**Exercise objective:** For this exercise, copy exactly every line from the one holding "Jamaica, NY - Jamaica, Queens - Wikipedia" through the end of the data, both included. Omit pictures.

[Items from a data source]
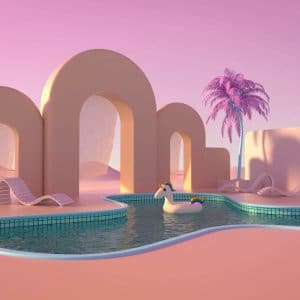 🌍 Virtual worlds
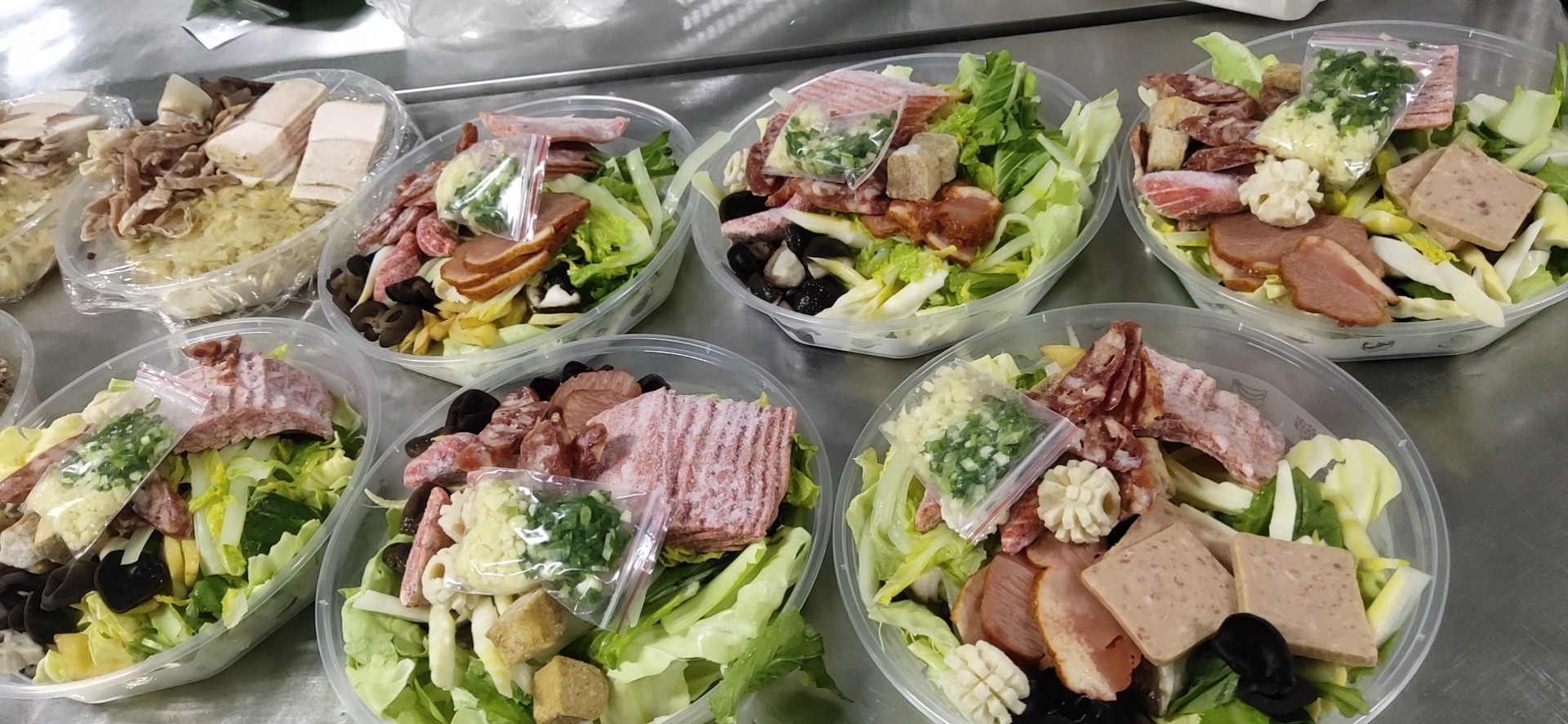 半成品加工项目免费加盟,餐饮店加盟项目大全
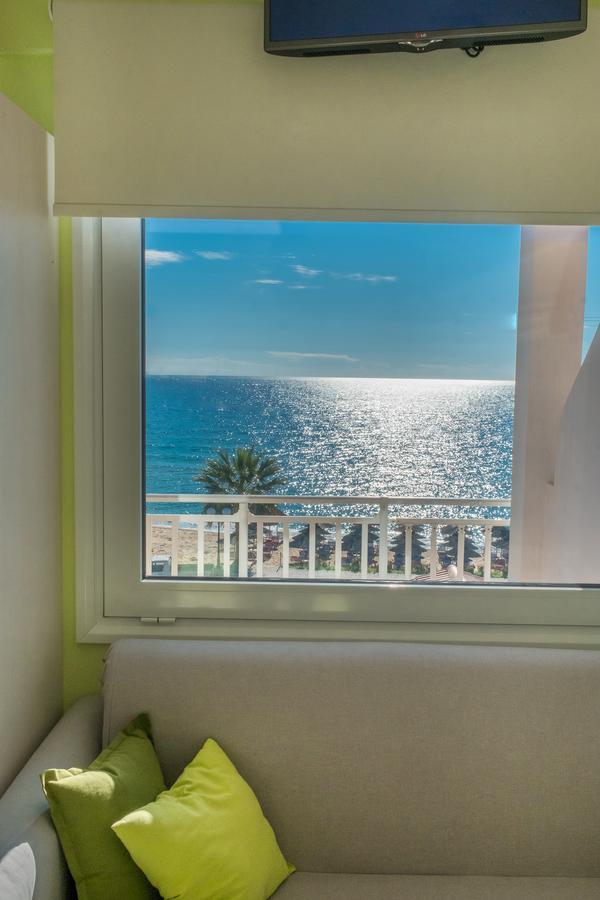 Whitesands Beach Resort Паралия Враху Екстериор снимка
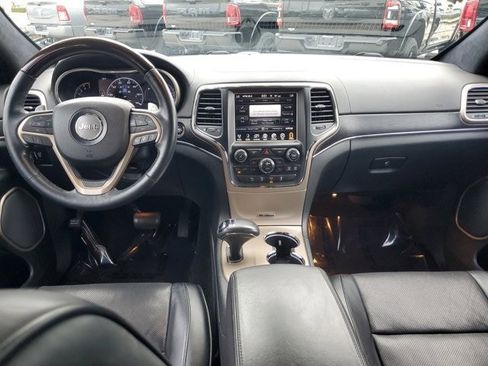 Used 2014 Jeep Grand Cherokee Summit w/ Trailer Tow Group IV image 14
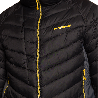 Chaqueta Medel V02 - Negro/Antracita | Oferta ahora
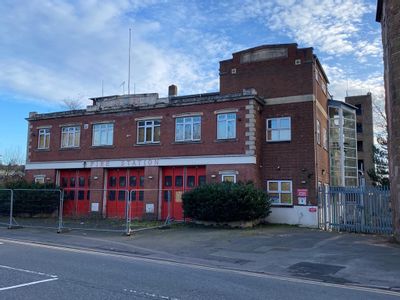 Property Image for Kidderminster Fire Station, Castle Road, Kidderminster, Worcestershire, DY11 6TH
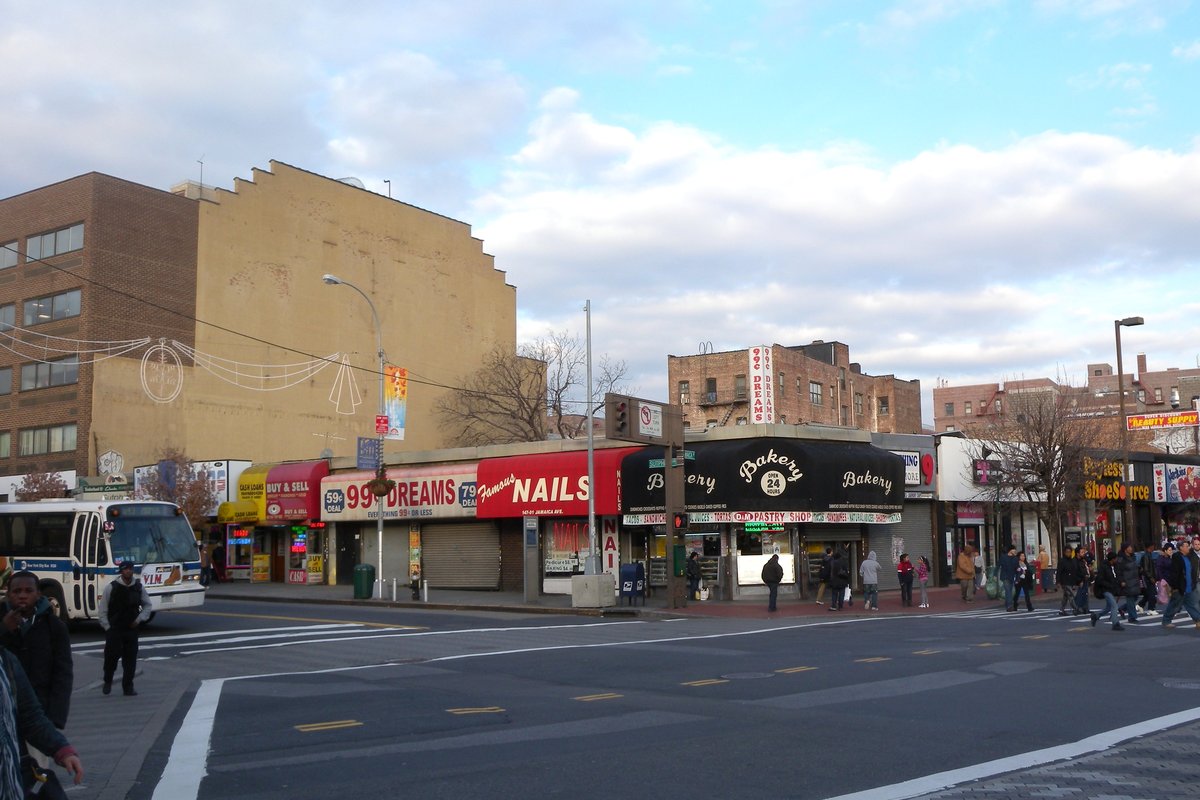 Jamaica, NY - Jamaica, Queens - Wikipedia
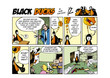 Black Ducks Comic Strip episode 53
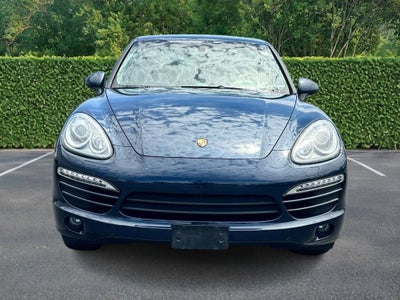 2014 Porsche Cayenne 4DR AWD TIPTRONIC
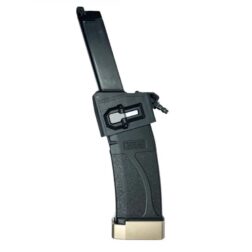 Adaptador HPA FUKU 2 para cargador M4 - AAP-01/Glock - US - CTM - Negro/Oro - Imagen 4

**Exercise solution:**
 Jamaica, NY - Jamaica, Queens - Wikipedia
 Black Ducks Comic Strip episode 53
 2014 Porsche Cayenne 4DR AWD TIPTRONIC
 Adaptador HPA FUKU 2 para cargador M4 - AAP-01/Glock - US - CTM - Negro/Oro - Imagen 4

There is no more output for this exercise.